2019年3月7日 第10号
ジャスティン・トルドー首相は3月1日、2月12日に辞任したジョディー・ウィルソンレイボールド前復員軍人大臣兼国防副大臣の後任人事のための小規模内閣改造を実施した。前回1月の改造から6週間で2回目の内閣改造となる。
復員軍人大臣兼国防副大臣に就任したのは、ローレンス・マコーレー前農務・農産食品大臣。2015年11月にトルドー政権が発足して以降、復員軍人相はこれで5人目。農務相にはマリークロード・ビボー前国際開発大臣が就任、国際開発大臣はマリアム・モンセフ女性の地位大臣が兼務する。今回の内閣改造で新しく閣僚入りした議員はなく閣僚の異動のみとなった。意図的に新しく閣僚入りさせることは避けたとみられている。
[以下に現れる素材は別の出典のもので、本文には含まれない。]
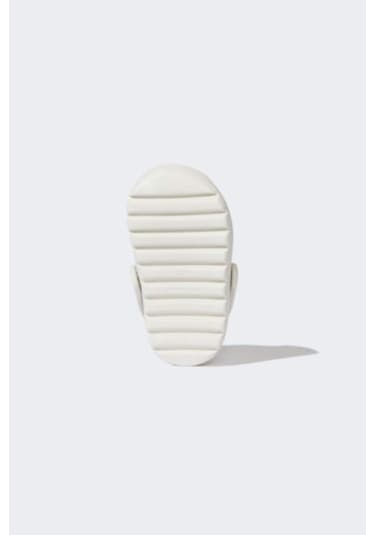 DeFacto Erkek Çocuk Tek Bantlı Düz Taban Eva Terlik E3342A525SMBG26 DeFacto Erkek Çocuk Tek Bantlı Düz Taban Eva Terlik E3342A525SMBG26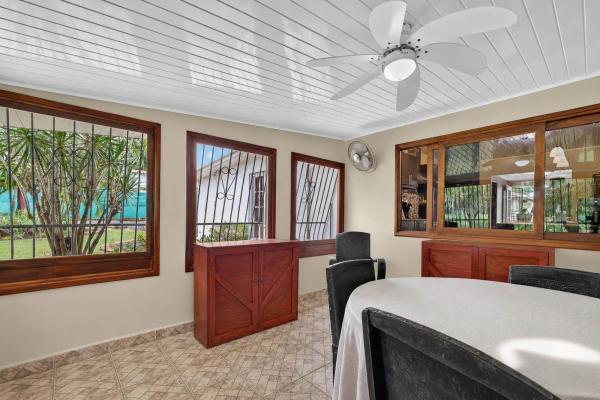 Amplia casa con piscina y apartamento para invitados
今回の人事はウィルソンレイボールド前復員軍人相の辞任によるものだが、辞任の背景にはSNCラバランスキャンダルがあったと2月27日の下院司法委員会で本人が証言したばかり。今年1月14日の内閣改造まで法務相兼司法長官を務めていたウィルソンレイボールド氏は、トルドー首相や側近の圧力にも屈せず大手建設会社SNCラバランへの司法取引による不起訴処分を拒否したため、復員軍人相へ異動。事実上の「降格」処分となった。
トルドー首相は「降格」人事を否定。スコット・ブライソン前予算庁長官が突然の辞任を昨年12月に発表しなければ、内閣改造はなくウィルソンレイボールド議員も法務相のままだったと説明している。